DALLAS COURT OF APPEALS UPHOLDS SUMMARY JUDGMENT AGAINST LANDLORD SUING AS LOSS PAYEE UNDER TENANT’S POLICY

January 17, 2013

The Dallas Court of Appeals recently affirmed a summary judgment granted against a commercial landlord holding the landlord was not entitled to sue based on property insurance policy that named the landlord only as a loss payee.  In Ostrovitz & Gwinn, LLC v. First Specialty Ins. Co., No. 05-11-00143-CV, 2012 WL6559516 (Tex. App.—Dallas Dec. 13, 2012), the landlord had sued following a claim for fire damage at the subject property, asserting claims including breach of contract, violations of the Texas Deceptive Trade Practices Act and Insurance Code, negligence, and negligent misrepresentation.  The trial judge granted summary judgments on all claims but one on various traditional and no-evidence grounds, and the landlord voluntarily non-suited the remaining claim.

 The court of appeals affirmed the trial court’s judgment in all respects.  The breach of contract claim under the policy did not survive, first, because the landlord as loss payee was not a party to the policy, and second, because the landlord did not qualify as a third party beneficiary.  The court of appeals acknowledged that no Texas case had explicitly evaluated whether being named as a loss payee confers third party beneficiary status.   After  reviewing  the  parties  authorities  and  extrinsic  evidence,  the  court  determined  that  “the insurance policy does not clearly and fully spell out” an intention by the tenant and the insurer to confer a direct  benefit  on  the  landlord.   A  secondary  breach-of-contract  claim  based  on  a  document  entitled “Evidence of Property Insurance” (“EPI”) also failed because it was not a contract directly between the landlord and the insurer.

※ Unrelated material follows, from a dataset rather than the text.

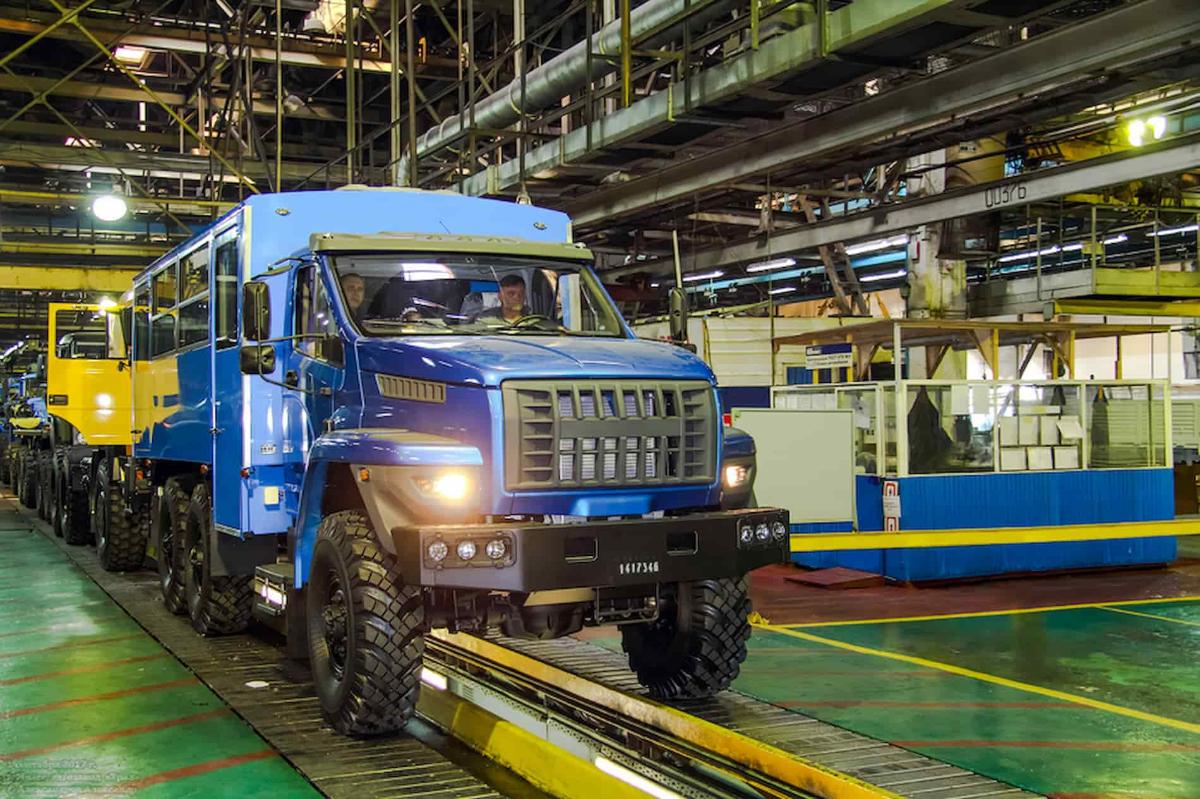«Автопоток»: завод Урал перевыполняет план по сборке грузовиков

 As for the extra-contractual claims, the Court first disposed of the landlord’s DTPA and Insurance Code claims by determining that nothing was misleading about the policy or EPI certificate.  While the documents may have been “unclear as to what rights [the l]andlord enjoyed under the policies,” but clearly set forth that the landlord was a loss payee only, and not an additional insured.  The negligent misrepresentation claim failed for the same reasons.  Finally, the negligence claim was unsupported by any evidence of a duty on the part of the insurer.  The tenant requested that the landlord be added to the policy as a loss payee, which the insurer did; there was no duty to provide coverage beyond this request.